BNA is continuing its investigative report about the criminal investigation of the Stratton VA Medical Center, Albany. The investigation has uncovered multiple crimes and systemic violations that have put patients' lives at risk.

Stratton oncologist Dr. William J.M. Hrushesky acknowledged that Paul Kornak was hired in 1999 despite his having had his medical license revoked.

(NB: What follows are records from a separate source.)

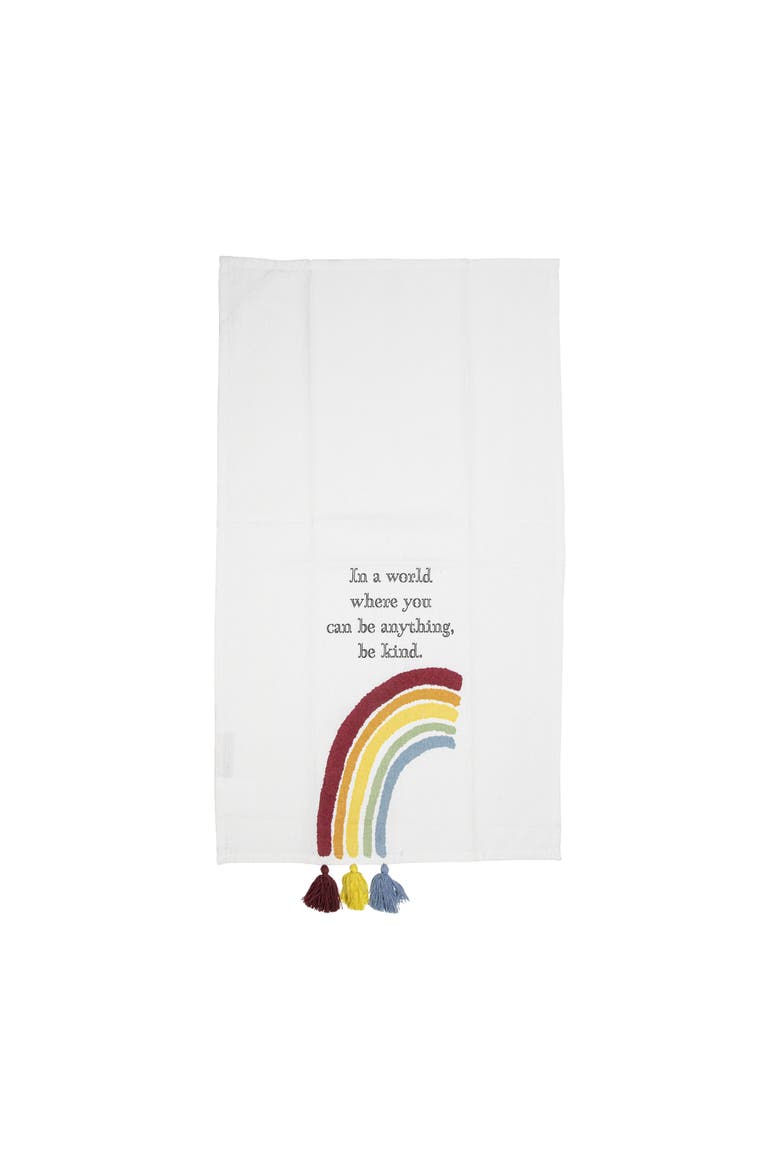 Be Kind Rainbow Multi Cotton Tea Towel, Alternate, color, Red
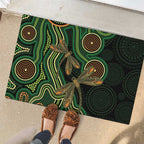Green Indigenous Dragonfly Australia Rubber Doormat Aboriginal Art - Aussie Hoodie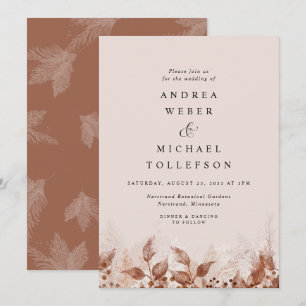 Brown Tan Rust Pampas Grass Boho Wedding Einladung
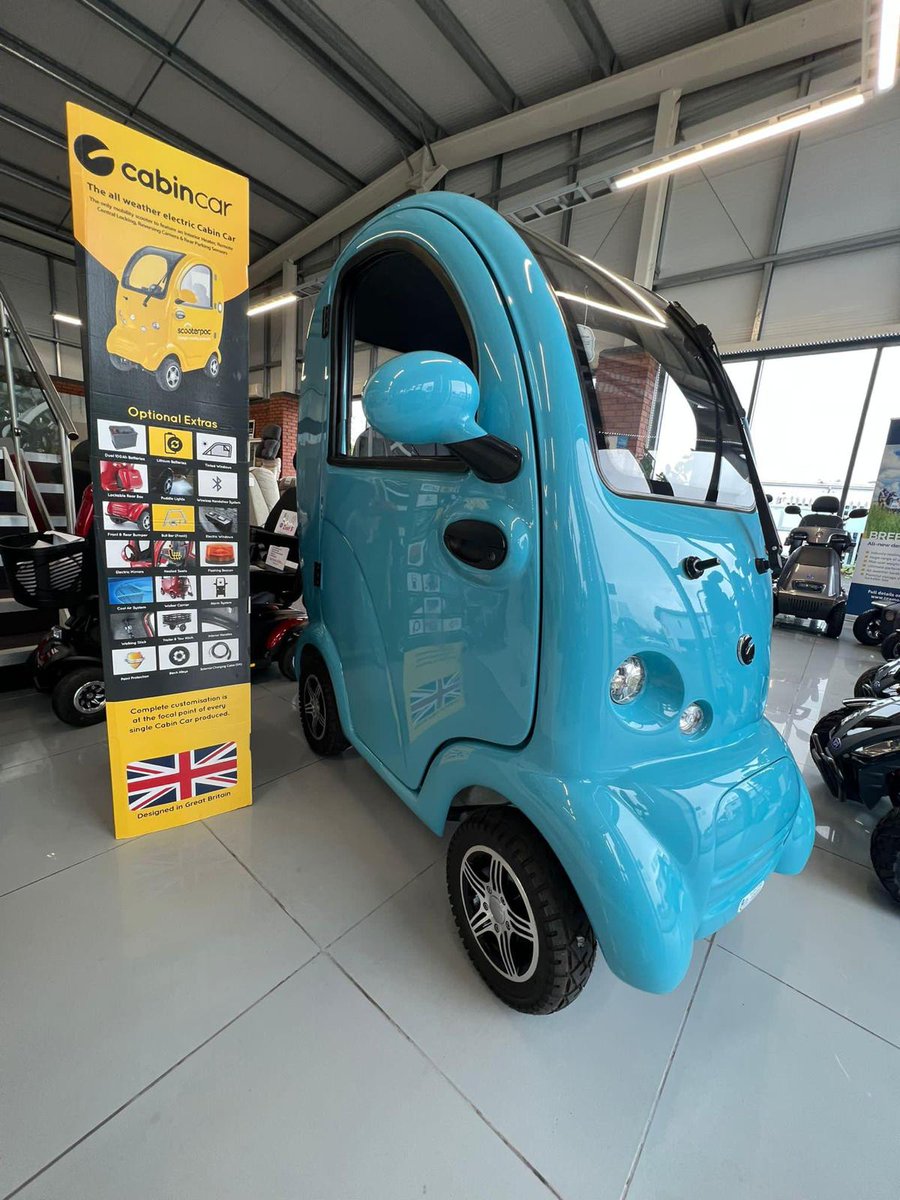 Cabin Car MK2 Plus in Ice Blue. This is an ex demonstrator and comes with a 1 year warranty. Located at our #Melksham showroom. lifeandmobility.co.uk/product/cabin-… 
#mobilityscooter #cabincar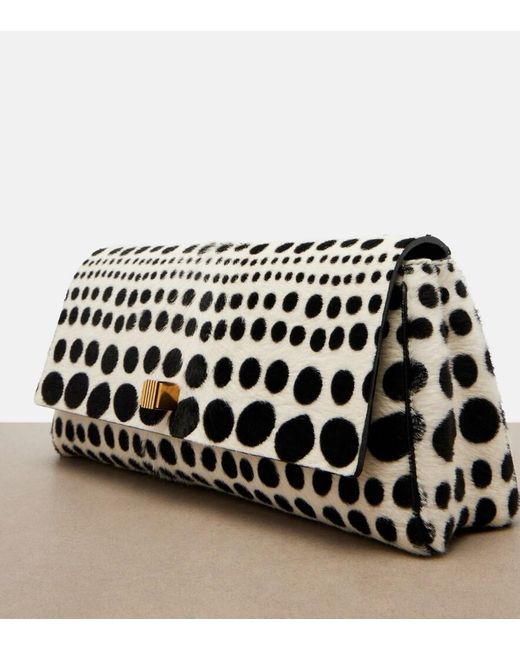 Khaite Black Audrey Polka-Dot Calf Hair Clutch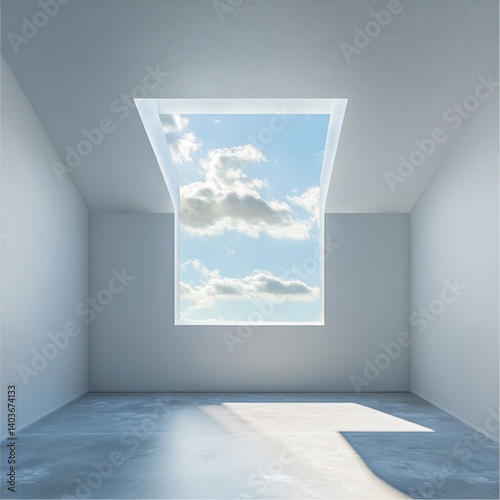 An empty room with a skylight revealing a serene sky with clouds. The minimalist interior emphasizes the contrast between the indoor space and the outdoor view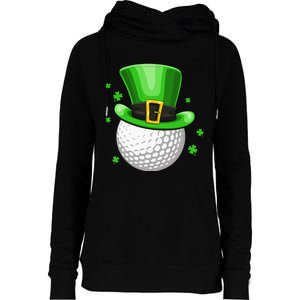 Leprechaun Hat Shamrock Leaf Golf St Patrick's Day Womens Funnel Neck Pullover Hood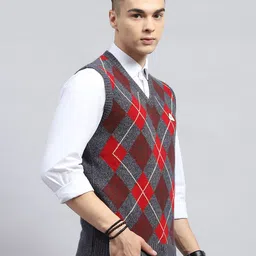 monte carlo Men Geometric Print V Neck Grey Sweater image 4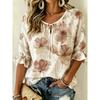 Retro Fashion Half Sleeve Loose Blouse, Textured 3D Print Decoration, Figure-Friendly Comfortable Summer New Style
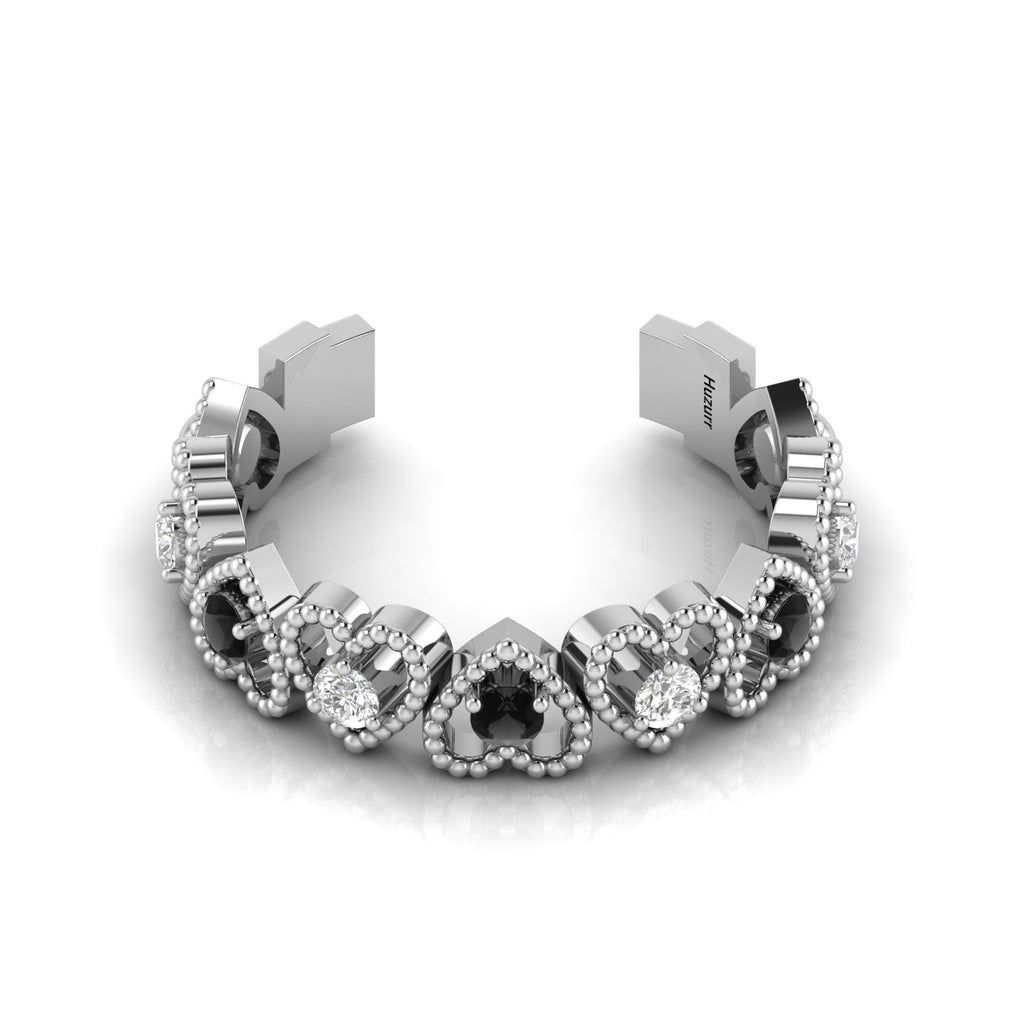 Heart-Style Round Black & White Diamond Silver Adjustable Ring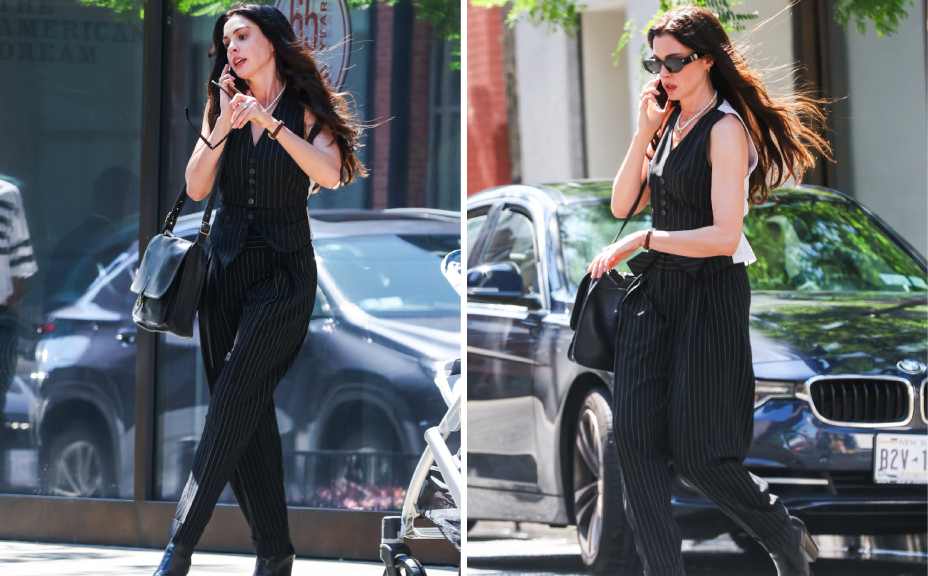 Foto de looks de Anne Hathaway nas gravações de o Diabo veste prada 2, com figurino de marcas de luxo jean paul gaultier e bolsa coach.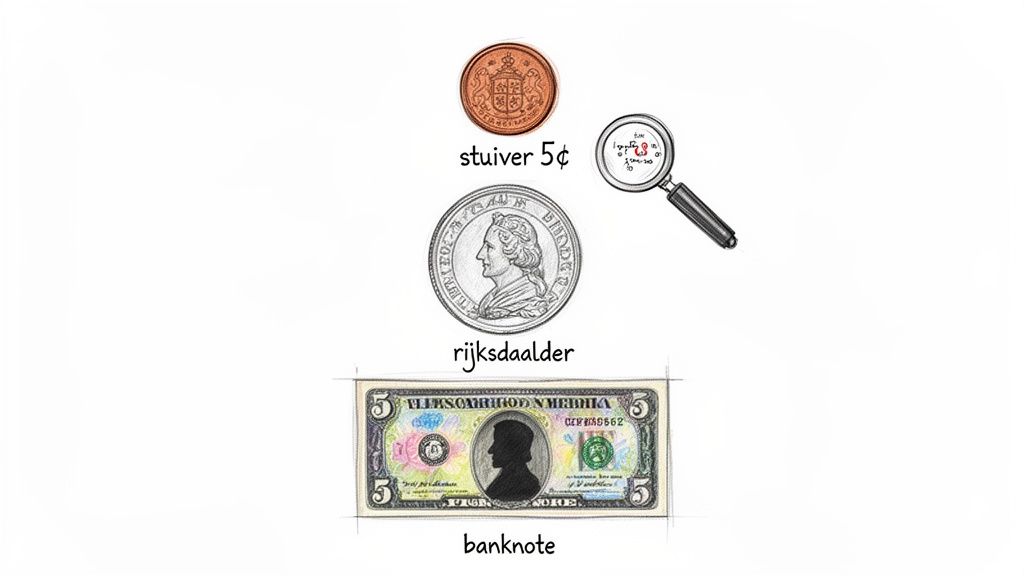 Three forms of old Dutch currency: a stuiver coin, a rijksdaalder coin, and a banknote.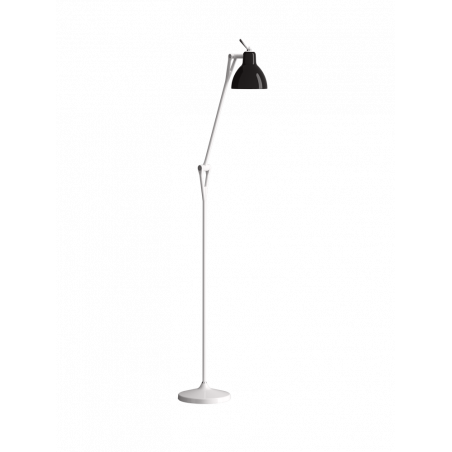 Leuchte Luxy von Rotaliana mit verstellbarem Arm in weiß mit schwarzem Schirm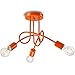 Produktbild Pendel-Leuchte Decken-Leuchte aus metall E27 Hänge-Leuchte (Farbe: Orange) Vintage Industrieleuchte Wohnzimmerlampe Modern Wohnzimmer Vintagelampe für Wohnzimmer/Küche/Büro/Praxis
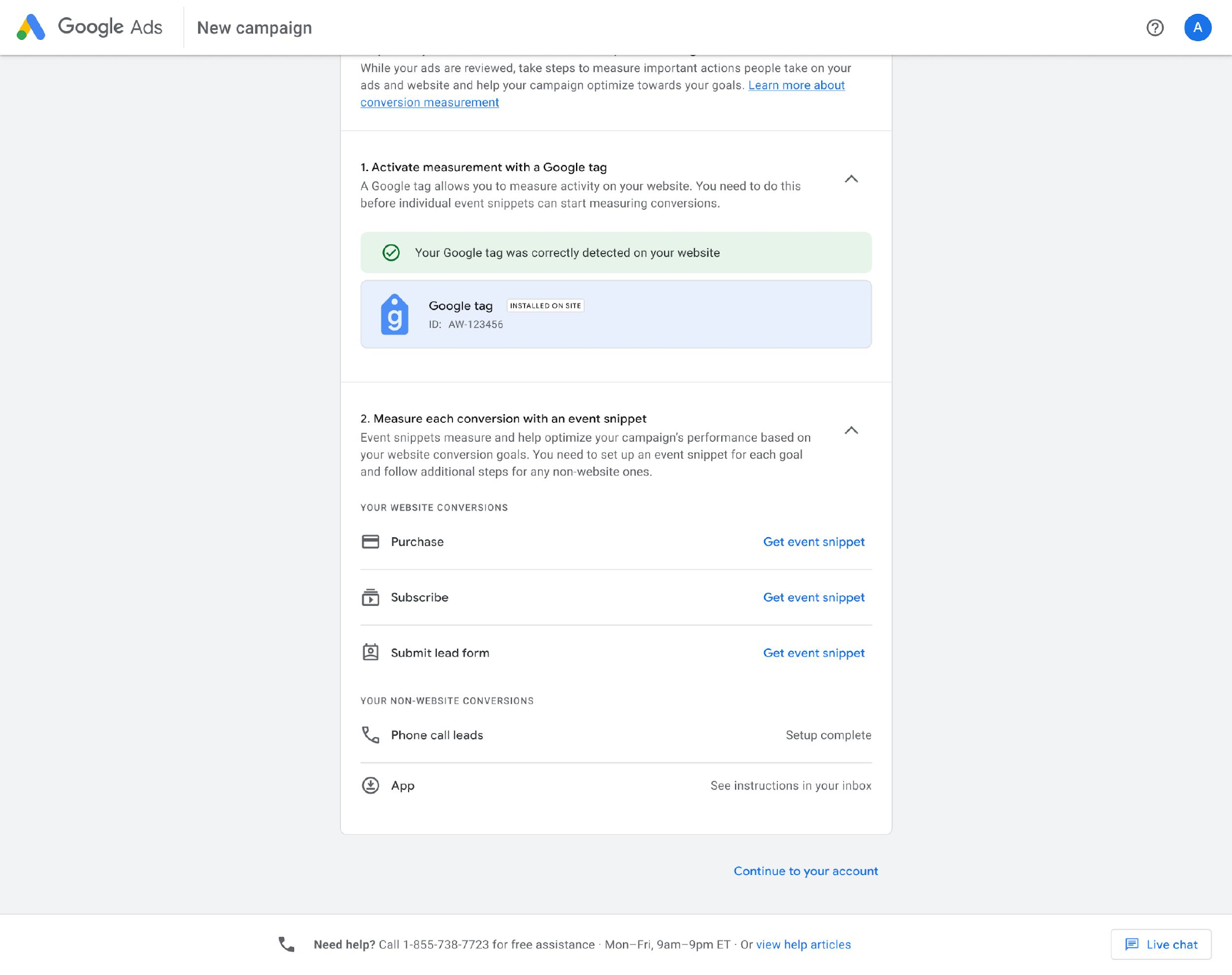 Google Ads — Conversion setup in onboarding (2)
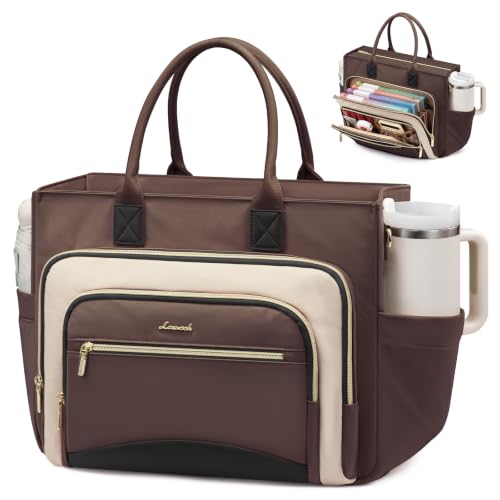 LOVEVOOK Work Tote Bags for Women,Laptop Teacher Bag With File Organizer - color: Khaki-dark Brown, size: 15.6 inch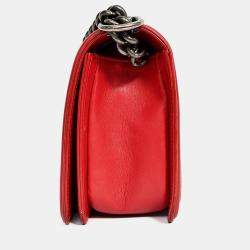 Pre Owned Pre-Chanel 2015-16 Red Leather/Tweed Medium Boy Bag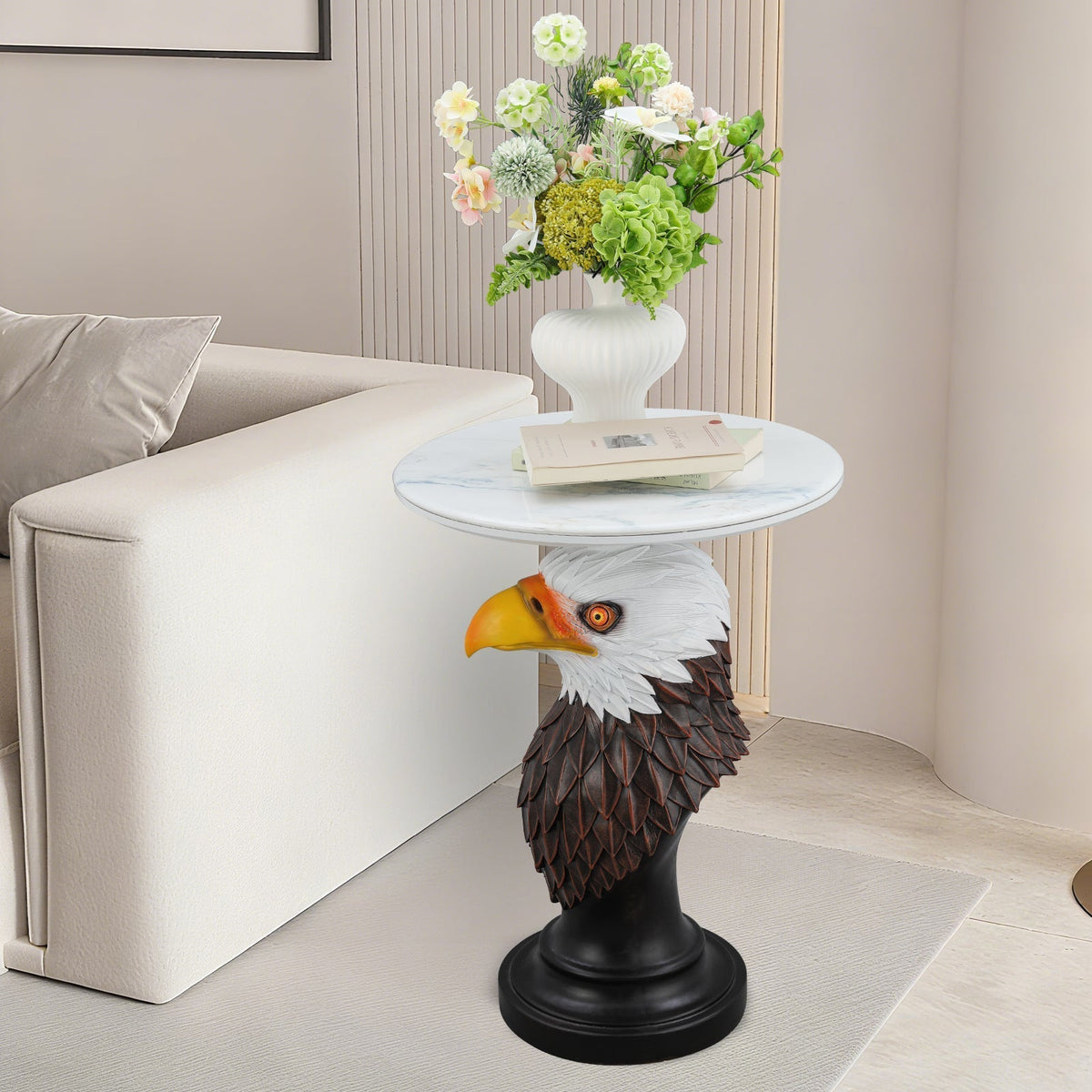Eagle Head Accent Table Animal Statue End Tables Livingroom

FDA's report (obtained by BNA) following its 51-day review of 7 studies conducted by Stratton's chief oncologist, Dr. James Holland and Paul Kornak, found altered records that "made patients appear sicker or healthier than they actually were so they could be enrolled in drug studies for which they would not otherwise have qualified. Consequently, subjects were given drugs they should not have gotten in ways their makers had not intended them to be administered, according to FDA inspectors. "

BNA reports that Federal investigators for the VA and U.S. attorney's office concluded that it is "highly likely" the actions caused one death and "possible" that they caused at least four more. Kornak worked with several doctors at the Stratton center, but FDA looked only at studies on which he collaborated with Holland.

The case is likely to unravel the colossal mess at VA medical centers, which have been used as convenient research laboratories by pharmaceutical companies. VA medical centers have been operating without fundamental safeguards to protect patients from incompetent or even rogue doctors. In 2002, Richard Williams, a former nurse at the Truman Memorial Veterans Hospital in Columbia, Mo., was charged with 10 counts of first-degree murder in patient deaths. These cases demonstrate the VA's failure to establish any quality control measures to ensure that the doctors who are hired are ethical or qualified.

BNA reports that Paul Kornak was hired on the basis of 2 references from Temple University who said he was "a good employee." However, BNA reports, he lost his license in Iowa in 1991 and in Pennsylvania in 1992. Had the VA Research Foundation—which signs off on the hiring of physicians who engage in human research - bothered to check Public Citizen's Questionable Doctors book, which is available online - they would have found Kornak listed.

According to BNA, VA administrators are worried the VA does not do enough to keep unscrupulous researchers and health care workers out of its medical centers, and that, as a result, patients may be at risk.

Indeed, patients at many medical centers are at risk under the current "self-regulating" system. The Alliance for Human Research Protection calls for independent licensure requirements for researchers beyond the medical license which does not include ethical research training.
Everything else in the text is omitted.